Exercise:
Below are records with pictures. Transcribe exactly, and only, the lines from the line with "Cowhide Leather Watchband 19mm 20mm 21mm" to the line with "PRADA Hobo 2005", both ends included, but not the pictures.

··· Records for the exercise ···

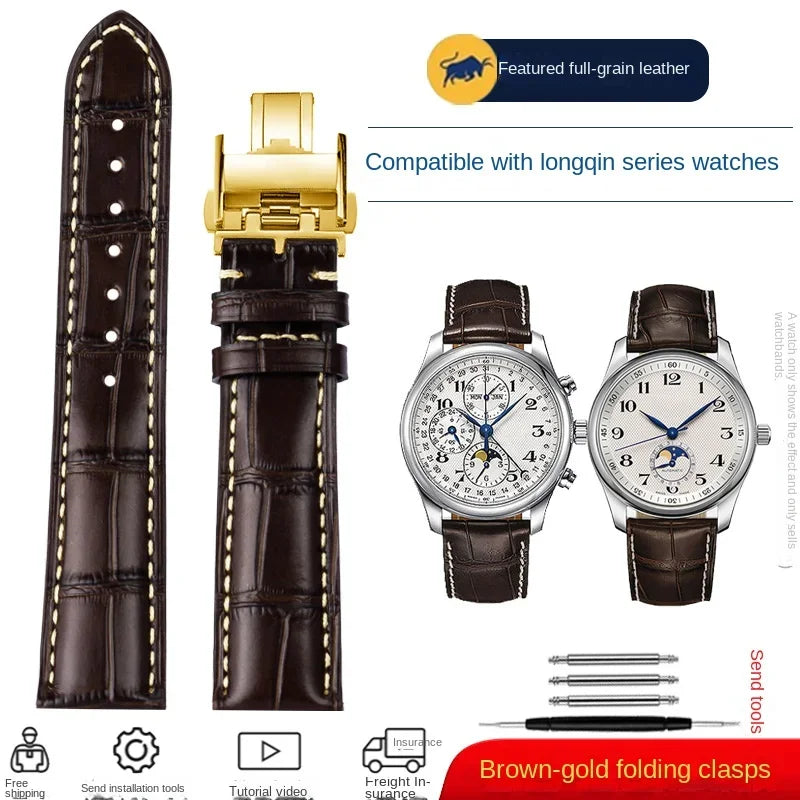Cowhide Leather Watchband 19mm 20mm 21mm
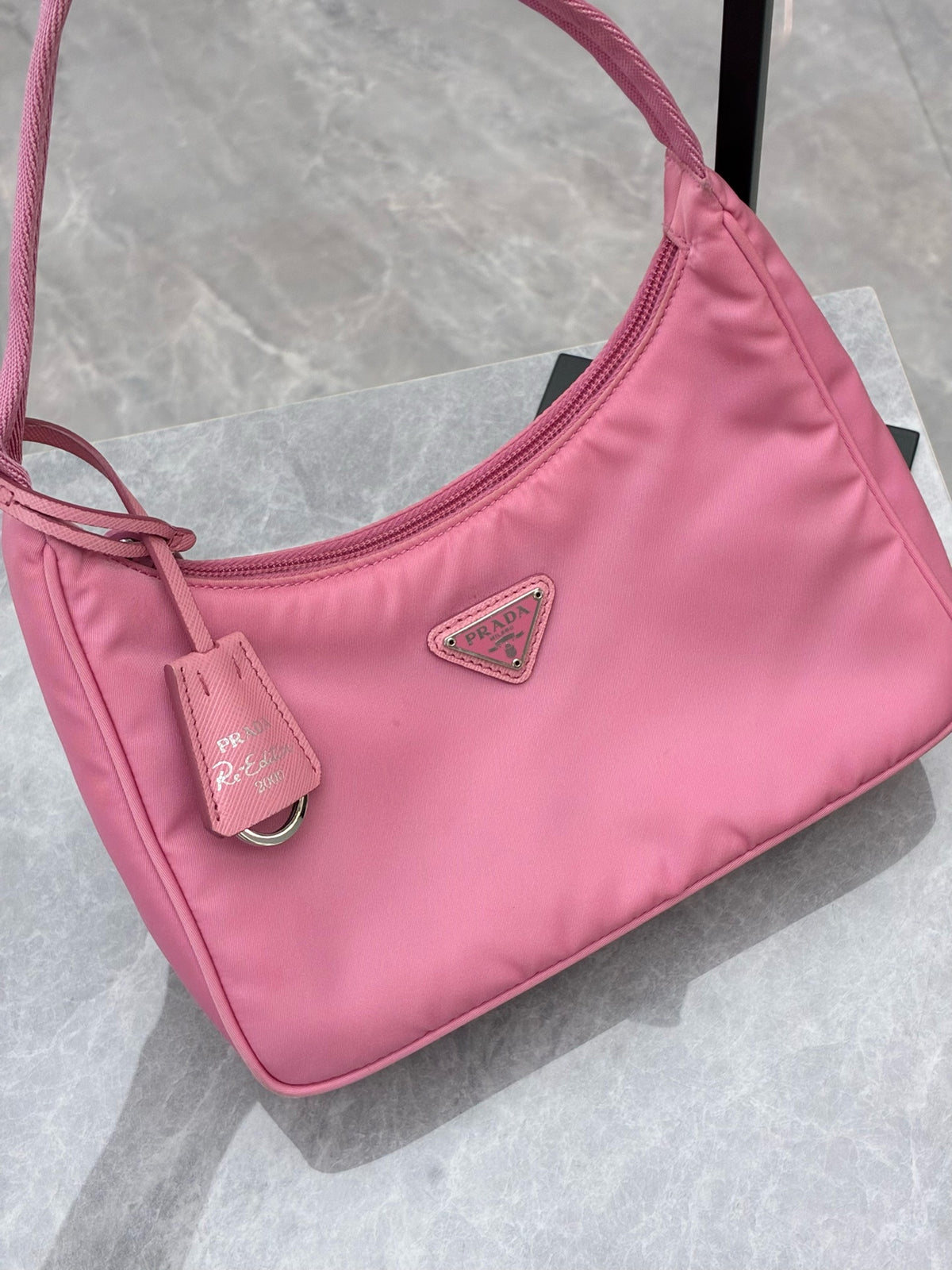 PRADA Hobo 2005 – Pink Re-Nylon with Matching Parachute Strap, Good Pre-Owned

···
··· Records for the exercise ···

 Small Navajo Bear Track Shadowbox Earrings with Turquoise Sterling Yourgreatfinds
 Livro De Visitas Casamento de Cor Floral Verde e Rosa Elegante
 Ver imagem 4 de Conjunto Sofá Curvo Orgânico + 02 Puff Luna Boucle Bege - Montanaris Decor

···

Answer:
Cowhide Leather Watchband 19mm 20mm 21mm
 PRADA Hobo 2005 – Pink Re-Nylon with Matching Parachute Strap, Good Pre-Owned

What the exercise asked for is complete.